EXERCISE PROMPT: For this exercise, copy exactly every line from the one holding "apartamento de 72" through the end of the data, both included. Omit pictures.

RECORD SET:
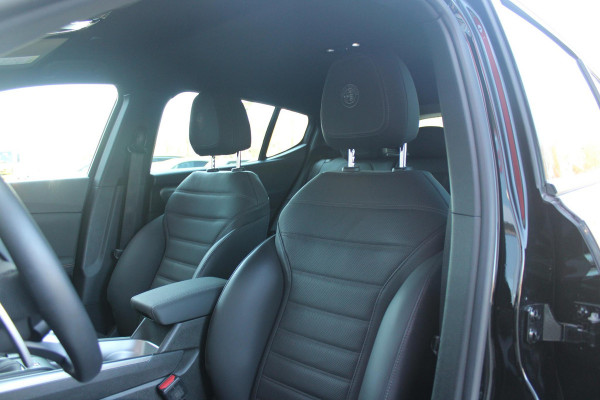 Alfa Romeo Tonale 1.5T 160PK HYbrid VELOCE | PANORAMISCH SCHUIF / KANTELDAK | LEDEREN BEKLEDING | VOORSTOELEN / STUUR VERWARMD | VOORSTOELEN GEVENTILEERD | VOORSTOELEN ELEKTRISCH VERSTELBAAR | DRAADLOOS APPLE CARPLAY / ANDROID AUTO | 360° CAMERA | AUTOMATISCH DIMMENDE BUITENSPIEGELS | 20"INCH LICHTMETALEN VELGEN | ADAPTIVE CRUISE CONTROL | KEYLESS ENTRY / START | ELEKTRISCH BEDIENBARE ACHTERKLEP | DRAADLOZE TELEFOONLADER | AMBIENT LIGHTING | DONKERE HEMELBEKLEDING | SCHAKELFLIPPERS AAN HET STUUR | VERWARMDE RUITENSPROEIERS |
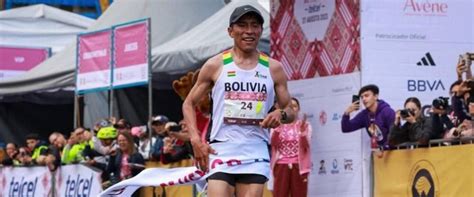 Boliviano H Ctor Garibay Gana La Marat N De Ciudad De M Xico Con R Cord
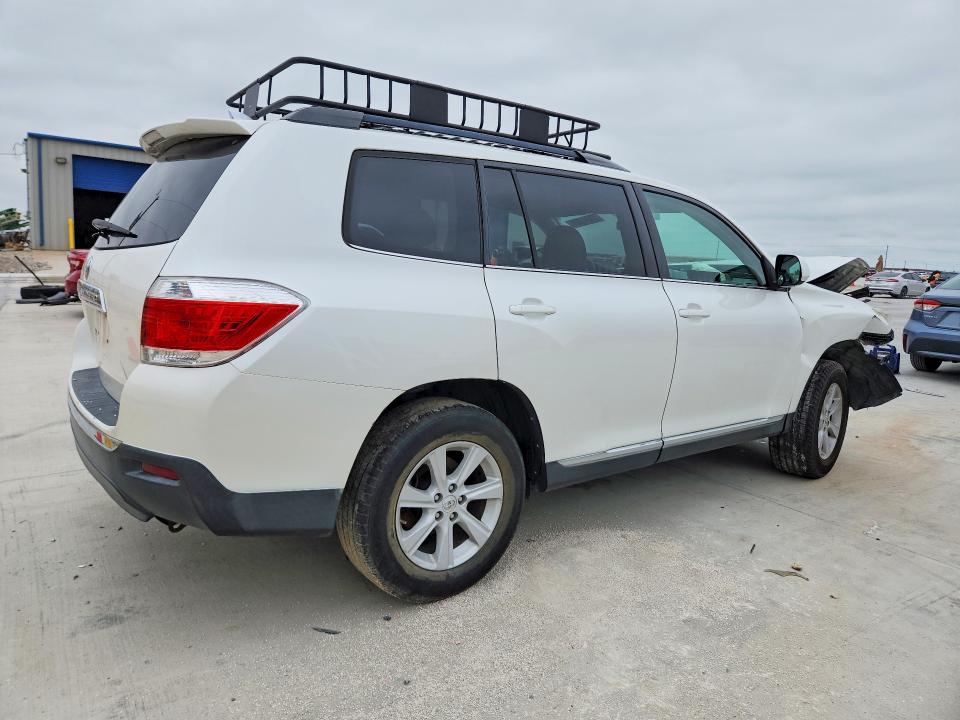 2013 Toyota Highlander VIN 5TDZA3EH8DS035196 COPART salvage auction — FRONT END, Tx - Salvage Vehicle Title, sold $1,750 on 2026-07-21 (photo 3)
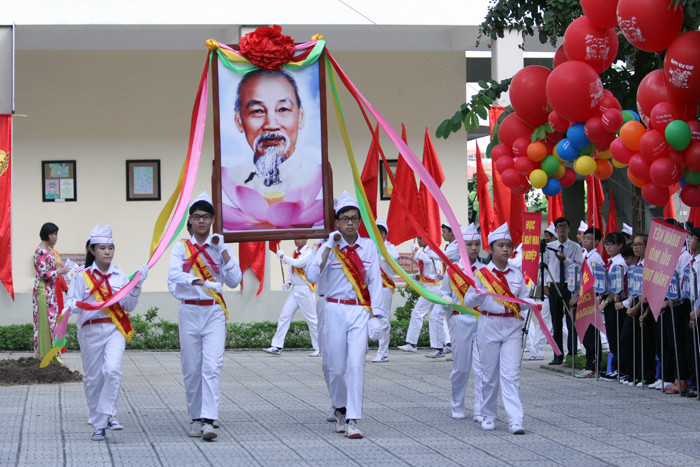Giáo sư Nguyễn Thiện Nhân phỏng vấn học sinh nhân ngày khai trường ảnh 3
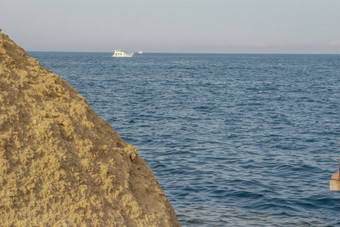 悬崖边海水摄影图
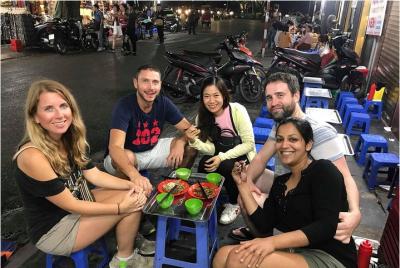 Degustación de 7 comidas callejeras de Hanoi diferentes + bebida  Degustación de 7 comidas callejeras de Hanoi diferentes + bebida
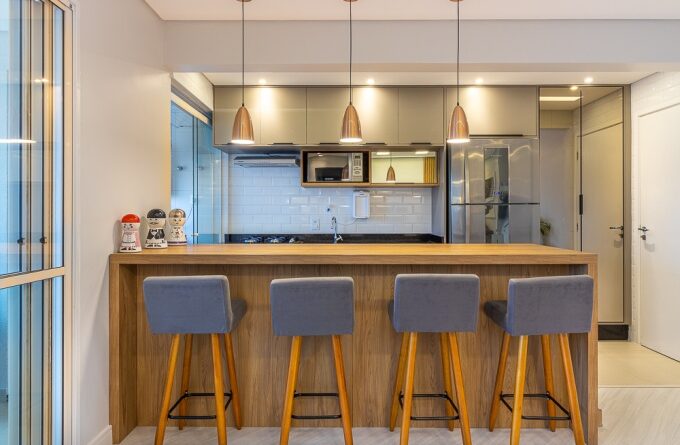 apartamento de 72 m² ganha conforto e otimizacao com poucas intervencoes cozinha americana 3 Vision Art NEWS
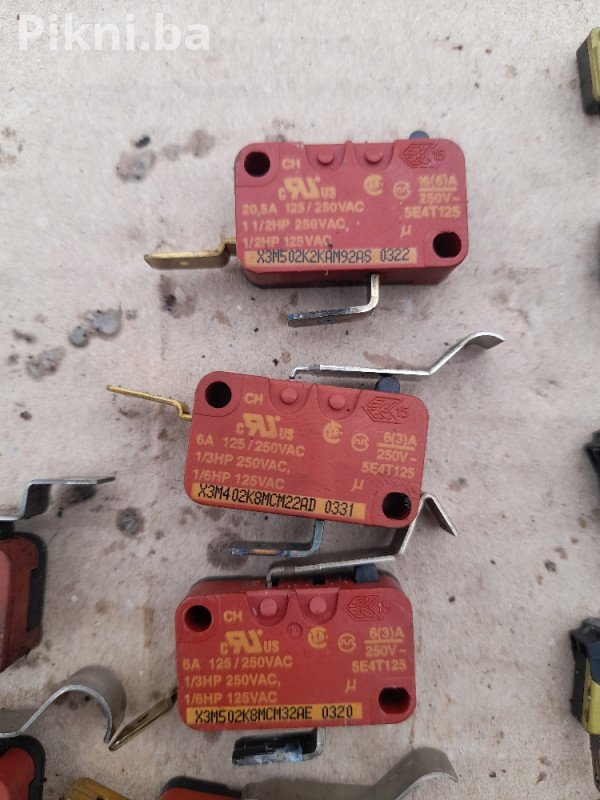 VELIKI SET: 14x Mikroprekidača (Micro Switches) - 6A/250V i 0.3A/ 5 KM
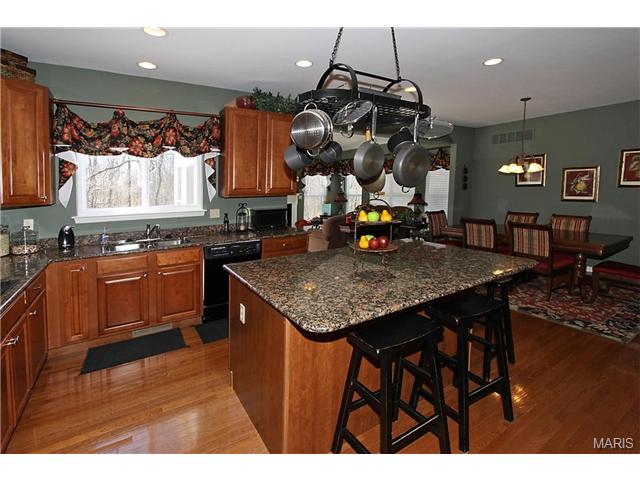 111 Cloverleaf Mdws, O'fallon, MO 63366 photo 7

ANSWER FOR THE TASK:
 apartamento de 72 m² ganha conforto e otimizacao com poucas intervencoes cozinha americana 3 Vision Art NEWS
 VELIKI SET: 14x Mikroprekidača (Micro Switches) - 6A/250V i 0.3A/ 5 KM
 111 Cloverleaf Mdws, O'fallon, MO 63366 photo 7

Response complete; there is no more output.